(Short descriptive text snippets)

^^^^^^^^^^^^^^^^

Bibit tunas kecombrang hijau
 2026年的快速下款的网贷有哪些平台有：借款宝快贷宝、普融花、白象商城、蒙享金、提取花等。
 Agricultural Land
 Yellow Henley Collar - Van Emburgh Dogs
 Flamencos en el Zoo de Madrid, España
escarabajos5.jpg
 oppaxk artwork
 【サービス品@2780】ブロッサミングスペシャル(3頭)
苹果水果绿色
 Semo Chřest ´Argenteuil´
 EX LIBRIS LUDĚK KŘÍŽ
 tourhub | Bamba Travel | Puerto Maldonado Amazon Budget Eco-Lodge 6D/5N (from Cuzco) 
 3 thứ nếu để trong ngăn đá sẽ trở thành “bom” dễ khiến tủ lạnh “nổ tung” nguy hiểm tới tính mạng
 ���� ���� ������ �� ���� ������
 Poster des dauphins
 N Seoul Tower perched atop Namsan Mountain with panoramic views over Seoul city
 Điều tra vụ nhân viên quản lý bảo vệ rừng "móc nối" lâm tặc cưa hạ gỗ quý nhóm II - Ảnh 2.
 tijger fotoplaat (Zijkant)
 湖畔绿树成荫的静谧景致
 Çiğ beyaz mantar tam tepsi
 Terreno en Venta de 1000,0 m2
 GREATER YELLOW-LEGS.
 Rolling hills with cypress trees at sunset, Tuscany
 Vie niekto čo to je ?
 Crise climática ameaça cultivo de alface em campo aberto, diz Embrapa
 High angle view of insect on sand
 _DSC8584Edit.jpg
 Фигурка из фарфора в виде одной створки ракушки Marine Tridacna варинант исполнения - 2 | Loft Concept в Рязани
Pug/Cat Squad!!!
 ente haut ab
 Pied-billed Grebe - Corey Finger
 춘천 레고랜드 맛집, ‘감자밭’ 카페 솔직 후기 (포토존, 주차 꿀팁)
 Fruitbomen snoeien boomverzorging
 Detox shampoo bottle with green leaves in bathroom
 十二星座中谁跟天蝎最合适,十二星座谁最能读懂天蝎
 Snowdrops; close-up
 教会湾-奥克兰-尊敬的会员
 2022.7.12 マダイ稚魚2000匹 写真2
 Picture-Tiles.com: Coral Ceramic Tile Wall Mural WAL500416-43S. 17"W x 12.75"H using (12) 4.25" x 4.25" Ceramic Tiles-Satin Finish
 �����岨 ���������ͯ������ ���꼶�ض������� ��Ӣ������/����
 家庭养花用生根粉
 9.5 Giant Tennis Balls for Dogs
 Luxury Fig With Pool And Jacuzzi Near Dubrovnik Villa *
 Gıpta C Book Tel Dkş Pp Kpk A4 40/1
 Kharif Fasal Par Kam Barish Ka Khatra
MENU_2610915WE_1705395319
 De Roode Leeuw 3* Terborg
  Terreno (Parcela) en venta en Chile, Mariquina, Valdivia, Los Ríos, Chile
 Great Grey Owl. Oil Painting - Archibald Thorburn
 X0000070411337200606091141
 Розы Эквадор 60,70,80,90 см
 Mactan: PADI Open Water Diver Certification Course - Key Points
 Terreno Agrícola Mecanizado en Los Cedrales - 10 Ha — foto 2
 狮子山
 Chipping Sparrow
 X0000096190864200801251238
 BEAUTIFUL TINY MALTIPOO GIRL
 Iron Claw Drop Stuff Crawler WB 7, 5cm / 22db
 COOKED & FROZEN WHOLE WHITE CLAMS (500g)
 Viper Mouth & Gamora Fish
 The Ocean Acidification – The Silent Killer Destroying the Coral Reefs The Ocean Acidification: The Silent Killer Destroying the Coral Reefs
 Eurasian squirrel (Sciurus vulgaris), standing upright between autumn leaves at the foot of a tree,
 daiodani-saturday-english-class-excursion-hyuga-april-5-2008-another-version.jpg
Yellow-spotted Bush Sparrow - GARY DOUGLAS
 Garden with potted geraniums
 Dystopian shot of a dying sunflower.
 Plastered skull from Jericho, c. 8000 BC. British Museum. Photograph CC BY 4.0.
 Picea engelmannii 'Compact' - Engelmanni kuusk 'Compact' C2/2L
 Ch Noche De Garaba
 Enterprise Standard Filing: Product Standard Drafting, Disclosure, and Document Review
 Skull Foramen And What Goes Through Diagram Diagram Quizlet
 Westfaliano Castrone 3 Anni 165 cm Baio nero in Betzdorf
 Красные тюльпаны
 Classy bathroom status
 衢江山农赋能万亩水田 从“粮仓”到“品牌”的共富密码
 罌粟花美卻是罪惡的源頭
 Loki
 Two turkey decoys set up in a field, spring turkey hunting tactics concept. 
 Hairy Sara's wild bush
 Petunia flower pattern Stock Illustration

^^^^^^^^^^^^^^^^

• Work request: From the records above, extract exactly and only the lines that begin at the line with "Picture-Tiles.com: Coral Ceramic" and stop after the line with "X0000070411337200606091141".

• Exercise solution:
 Picture-Tiles.com: Coral Ceramic Tile Wall Mural WAL500416-43S. 17"W x 12.75"H using (12) 4.25" x 4.25" Ceramic Tiles-Satin Finish
 �����岨 ���������ͯ������ ���꼶�ض������� ��Ӣ������/����
 家庭养花用生根粉
 9.5 Giant Tennis Balls for Dogs
 Luxury Fig With Pool And Jacuzzi Near Dubrovnik Villa *
 Gıpta C Book Tel Dkş Pp Kpk A4 40/1
 Kharif Fasal Par Kam Barish Ka Khatra
MENU_2610915WE_1705395319
 De Roode Leeuw 3* Terborg
  Terreno (Parcela) en venta en Chile, Mariquina, Valdivia, Los Ríos, Chile
 Great Grey Owl. Oil Painting - Archibald Thorburn
 X0000070411337200606091141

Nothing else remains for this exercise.